A User-Generated Documentation of the Exhibition
An exhibition displays works of art in a certain location for a limited amount of time, to which interested viewers are required to travel. The printed medium – the book – is the tool traditionally used to extend the reach and scope of the exhibition, thanks to its mobile characteristics, but also to enrich it with a tangible quality. It enables visitors to bring home a physical reminder of the exhibition, while allowing non-attendees to get an impression of the show. The traditional publication linked to an exhibition – a catalogue – is usually an expensive, printed book displaying high-quality images, reproductions of the works of art exhibited at the museum or gallery. A catalogue is not a documentation per se of an exhibition, but an index of the displayed works of art. Produced before the opening of an exhibition, it is designed to be read in a unique manner, corresponding to the respective curator’s or editor’s approach. Yet, the publication appears to be experienced in quite a different way from that of the exhibition itself, which is a personal experience for each visitor in terms of time, space, and attention. The proposal here is not to neglect existing catalogues, which exist in their own right, but to consider a new kind of publication, serving as a link between an exhibition and its visitors. Anticipating the remembrance of an ultimately fleeting experience, this documentation is to record the variety of user involvement in a show. Although the content of the exhibited works of art is of primary interest to viewers, they are also affected by other factors, such as space, time, and personal background. As a result, each experience is unique and personal. Thus, the main topic of this thesis is to investigate the triadic relationship between an exhibition, its visitors, and the associated publication. Arguing for the “increasingly important role of the public as participant (or activator)”, a new book could be read “literally as a quasi-gallery: a three-dimensional structure offering spatio-temporal experiences”, and thus, it is hoped, encourage a more democratic approach to art.
The research is applied to a specific art form, that of photography. In fact, all media – photography, video, painting, or installations, etc. – captivate their respective visitors in different ways. Photography exhibitions tend to be quite traditional, expecting visitors to look at works of art, one after the other, guided by the curator’s subjective positioning. The book would counteract this factor by grasping the multiplicity of visitor experiences, adding an interactive value to the exhibition.

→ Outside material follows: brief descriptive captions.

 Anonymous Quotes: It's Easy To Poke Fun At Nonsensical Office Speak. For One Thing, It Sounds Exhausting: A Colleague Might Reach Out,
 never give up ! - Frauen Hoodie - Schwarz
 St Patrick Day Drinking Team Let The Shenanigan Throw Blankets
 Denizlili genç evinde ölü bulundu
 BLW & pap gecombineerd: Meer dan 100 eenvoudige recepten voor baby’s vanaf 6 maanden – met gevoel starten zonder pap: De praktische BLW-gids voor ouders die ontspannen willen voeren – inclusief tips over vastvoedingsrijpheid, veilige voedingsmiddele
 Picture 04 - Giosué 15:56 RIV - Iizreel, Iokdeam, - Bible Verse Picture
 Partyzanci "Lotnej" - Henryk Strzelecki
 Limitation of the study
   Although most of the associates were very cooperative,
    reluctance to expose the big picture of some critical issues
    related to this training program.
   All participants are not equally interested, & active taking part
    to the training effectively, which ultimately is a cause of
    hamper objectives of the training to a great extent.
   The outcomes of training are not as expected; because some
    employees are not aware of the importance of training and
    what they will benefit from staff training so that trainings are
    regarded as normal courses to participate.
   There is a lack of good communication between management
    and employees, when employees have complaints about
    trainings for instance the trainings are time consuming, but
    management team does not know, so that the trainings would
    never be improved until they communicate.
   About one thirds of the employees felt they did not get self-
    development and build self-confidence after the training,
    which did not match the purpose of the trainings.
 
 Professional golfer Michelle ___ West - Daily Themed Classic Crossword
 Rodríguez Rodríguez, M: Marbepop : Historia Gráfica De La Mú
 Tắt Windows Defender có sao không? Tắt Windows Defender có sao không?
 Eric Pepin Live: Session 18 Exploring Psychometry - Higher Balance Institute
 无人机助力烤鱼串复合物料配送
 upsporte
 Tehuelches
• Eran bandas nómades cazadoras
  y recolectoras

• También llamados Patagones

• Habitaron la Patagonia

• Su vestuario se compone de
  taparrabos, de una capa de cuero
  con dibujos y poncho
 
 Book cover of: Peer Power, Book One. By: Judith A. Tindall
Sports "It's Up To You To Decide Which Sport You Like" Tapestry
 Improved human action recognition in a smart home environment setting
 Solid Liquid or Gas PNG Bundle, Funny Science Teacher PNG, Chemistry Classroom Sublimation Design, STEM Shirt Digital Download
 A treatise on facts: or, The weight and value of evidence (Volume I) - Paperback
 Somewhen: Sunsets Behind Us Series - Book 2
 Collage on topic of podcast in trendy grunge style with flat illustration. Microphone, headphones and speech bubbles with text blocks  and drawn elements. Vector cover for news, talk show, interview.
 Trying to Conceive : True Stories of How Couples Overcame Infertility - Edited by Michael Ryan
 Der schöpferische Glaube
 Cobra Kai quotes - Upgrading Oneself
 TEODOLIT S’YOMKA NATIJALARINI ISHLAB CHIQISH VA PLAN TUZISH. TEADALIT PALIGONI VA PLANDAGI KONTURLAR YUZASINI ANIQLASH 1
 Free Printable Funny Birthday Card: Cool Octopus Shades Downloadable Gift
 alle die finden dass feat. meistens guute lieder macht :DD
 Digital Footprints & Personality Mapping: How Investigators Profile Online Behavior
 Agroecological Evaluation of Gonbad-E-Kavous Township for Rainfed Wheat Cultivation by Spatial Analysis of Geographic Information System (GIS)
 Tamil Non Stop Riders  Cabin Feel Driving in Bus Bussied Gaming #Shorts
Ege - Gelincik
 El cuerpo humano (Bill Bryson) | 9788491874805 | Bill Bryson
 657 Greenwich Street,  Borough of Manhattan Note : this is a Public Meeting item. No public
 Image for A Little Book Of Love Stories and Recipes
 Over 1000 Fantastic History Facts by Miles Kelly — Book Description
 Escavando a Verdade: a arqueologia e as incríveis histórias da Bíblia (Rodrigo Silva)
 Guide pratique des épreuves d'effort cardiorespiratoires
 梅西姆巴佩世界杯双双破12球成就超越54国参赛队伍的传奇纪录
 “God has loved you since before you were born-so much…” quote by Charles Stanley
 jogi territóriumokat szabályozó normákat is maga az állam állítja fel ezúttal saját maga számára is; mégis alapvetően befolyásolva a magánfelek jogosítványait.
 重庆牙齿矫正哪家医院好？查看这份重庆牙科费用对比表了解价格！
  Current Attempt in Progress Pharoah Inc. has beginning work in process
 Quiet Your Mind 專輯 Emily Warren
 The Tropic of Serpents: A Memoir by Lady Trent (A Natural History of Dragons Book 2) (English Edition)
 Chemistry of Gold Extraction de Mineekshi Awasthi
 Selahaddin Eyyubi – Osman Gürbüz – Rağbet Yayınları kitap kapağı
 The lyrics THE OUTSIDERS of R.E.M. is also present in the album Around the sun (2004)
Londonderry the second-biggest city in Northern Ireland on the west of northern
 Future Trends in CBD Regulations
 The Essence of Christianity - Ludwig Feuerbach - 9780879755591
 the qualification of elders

Finally, while acknowledging the competition carried out by today’s digital culture, the study questions in what ways the printed documentation can still be valid. In the social-media era we are living in, should editors not also embrace user-generated trends, which so passionately argue for multiple points of view? Alongside documenting the exhibition in a more relevant manner, the ultimate goal of this research will be to develop a publication which encourages a democratization of art, suggesting “The Death of the Author (and hence the birth of the reader)”.